Download Text + Field Book in PDF, Epub and Kindle

Rhetorical critics have long had a troubled relationship with method, viewing it as at times opening up provocative avenues of inquiry, and at other times as closing off paths toward meaningful engagement with texts. Text + Field shifts scholarly attention from this conflicted history, looking instead to the growing number of scholars who are supplementing text-based scholarship by venturing out into the field, where rhetoric is produced, enacted, and consumed. These field-based practices involve observation, ethnographic interviews, and performance. They are not intended to displace text-based approaches; rather, they expand the idea of method by helping rhetorical scholars arrive at new and complementary answers to long-standing disciplinary questions about text, context, audience, judgment, and ethics. The first volume in rhetoric and communication to directly address the relevance, processes, and implications of using field methods to augment traditional scholarship, Text + Field provides a framework for adapting these new tools to traditional rhetorical inquiry. Aside from the editors, the contributors are Roberta Chevrette, Kathleen M. de Onís, Danielle Endres, Joshua P. Ewalt, Alina Haliliuc, Aaron Hess, Jamie Landau, Michael Middleton, Tiara R. Na’puti, Jessy J. Ohl, Phaedra C. Pezzullo, Damien Smith Pfister, Samantha Senda-Cook, Lisa Silvestri, and Valerie Thatcher.

Digital Rhetoric

Digital Rhetoric
Author: Douglas Eyman
Publisher: University of Michigan Press
Total Pages: 173
Release: 2015-06-01
Genre: Computers
ISBN: 0472121138

Download Digital Rhetoric Book in PDF, Epub and Kindle

What is “digital rhetoric”? This book aims to answer that question by looking at a number of interrelated histories, as well as evaluating a wide range of methods and practices from fields in the humanities, social sciences, and information sciences to determine what might constitute the work and the world of digital rhetoric. The advent of digital and networked communication technologies prompts renewed interest in basic questions such as What counts as a text? and Can traditional rhetoric operate in digital spheres or will it need to be revised? Or will we need to invent new rhetorical practices altogether? Through examples and consideration of digital rhetoric theories, methods for both researching and making in digital rhetoric fields, and examples of digital rhetoric pedagogy, scholarship, and public performance, this book delivers a broad overview of digital rhetoric.
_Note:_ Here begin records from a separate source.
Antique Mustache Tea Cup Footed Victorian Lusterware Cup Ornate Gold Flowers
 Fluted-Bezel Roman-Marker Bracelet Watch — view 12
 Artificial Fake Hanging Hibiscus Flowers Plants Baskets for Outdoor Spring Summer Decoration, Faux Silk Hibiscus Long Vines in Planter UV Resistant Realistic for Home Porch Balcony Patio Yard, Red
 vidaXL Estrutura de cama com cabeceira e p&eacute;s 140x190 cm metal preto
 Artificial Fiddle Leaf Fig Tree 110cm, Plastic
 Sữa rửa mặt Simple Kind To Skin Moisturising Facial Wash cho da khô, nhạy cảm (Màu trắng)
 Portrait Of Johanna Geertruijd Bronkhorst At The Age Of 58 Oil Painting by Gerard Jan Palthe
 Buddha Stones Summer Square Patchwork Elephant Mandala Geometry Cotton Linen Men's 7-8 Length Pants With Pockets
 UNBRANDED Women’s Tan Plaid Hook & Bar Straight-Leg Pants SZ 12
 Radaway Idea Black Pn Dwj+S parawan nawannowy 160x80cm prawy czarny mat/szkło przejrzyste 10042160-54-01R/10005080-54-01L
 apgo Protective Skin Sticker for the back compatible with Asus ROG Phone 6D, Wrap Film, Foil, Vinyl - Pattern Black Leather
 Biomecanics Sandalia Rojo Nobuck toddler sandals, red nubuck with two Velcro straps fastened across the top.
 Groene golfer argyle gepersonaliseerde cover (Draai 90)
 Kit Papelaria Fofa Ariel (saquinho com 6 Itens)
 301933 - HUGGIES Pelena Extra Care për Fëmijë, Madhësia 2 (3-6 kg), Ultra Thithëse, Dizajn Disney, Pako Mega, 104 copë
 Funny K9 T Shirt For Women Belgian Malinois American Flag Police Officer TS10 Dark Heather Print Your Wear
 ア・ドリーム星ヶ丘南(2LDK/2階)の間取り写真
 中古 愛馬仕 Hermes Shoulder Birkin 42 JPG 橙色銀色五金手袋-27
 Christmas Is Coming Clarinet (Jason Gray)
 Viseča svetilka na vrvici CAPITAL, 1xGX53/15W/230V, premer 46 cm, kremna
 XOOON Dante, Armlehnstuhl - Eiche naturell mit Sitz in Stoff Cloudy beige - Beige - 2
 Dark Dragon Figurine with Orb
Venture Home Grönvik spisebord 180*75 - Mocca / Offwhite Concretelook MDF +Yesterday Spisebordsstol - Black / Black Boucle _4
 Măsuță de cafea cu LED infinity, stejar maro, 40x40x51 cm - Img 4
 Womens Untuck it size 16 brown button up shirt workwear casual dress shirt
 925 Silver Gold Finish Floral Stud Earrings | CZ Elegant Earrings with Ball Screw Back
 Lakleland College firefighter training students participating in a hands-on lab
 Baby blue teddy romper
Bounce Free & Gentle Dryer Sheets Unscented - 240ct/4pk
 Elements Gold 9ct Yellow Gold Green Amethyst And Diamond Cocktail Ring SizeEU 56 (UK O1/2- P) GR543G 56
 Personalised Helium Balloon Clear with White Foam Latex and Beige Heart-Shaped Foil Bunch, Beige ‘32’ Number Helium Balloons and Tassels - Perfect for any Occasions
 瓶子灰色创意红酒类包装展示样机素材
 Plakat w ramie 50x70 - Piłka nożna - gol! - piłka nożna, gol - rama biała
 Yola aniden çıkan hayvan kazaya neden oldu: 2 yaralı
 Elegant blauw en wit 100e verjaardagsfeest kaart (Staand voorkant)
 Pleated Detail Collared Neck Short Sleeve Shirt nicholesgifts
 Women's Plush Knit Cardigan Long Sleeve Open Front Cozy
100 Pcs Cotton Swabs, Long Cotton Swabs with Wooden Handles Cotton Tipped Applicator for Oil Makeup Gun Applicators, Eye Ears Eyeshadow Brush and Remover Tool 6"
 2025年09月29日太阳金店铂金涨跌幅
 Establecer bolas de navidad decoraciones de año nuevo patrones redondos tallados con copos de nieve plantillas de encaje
In addition, Douglas Eyman provides historical context by investigating the histories and boundaries that arise from mapping this emerging field and by focusing on the theories that have been taken up and revised by digital rhetoric scholars and practitioners. Both traditional and new methods are examined for the tools they provide that can be used to both study digital rhetoric and to potentially make new forms that draw on digital rhetoric for their persuasive power.

Sourcebook on Rhetoric

Sourcebook on Rhetoric
Author: James Jasinski
Publisher: SAGE
Total Pages: 684
Release: 2001-07-19
Genre: Language Arts & Disciplines
ISBN: 9780761905042

Download Sourcebook on Rhetoric Book in PDF, Epub and Kindle

Please update SAGE UK and SAGE INDIA addresses on imprint page.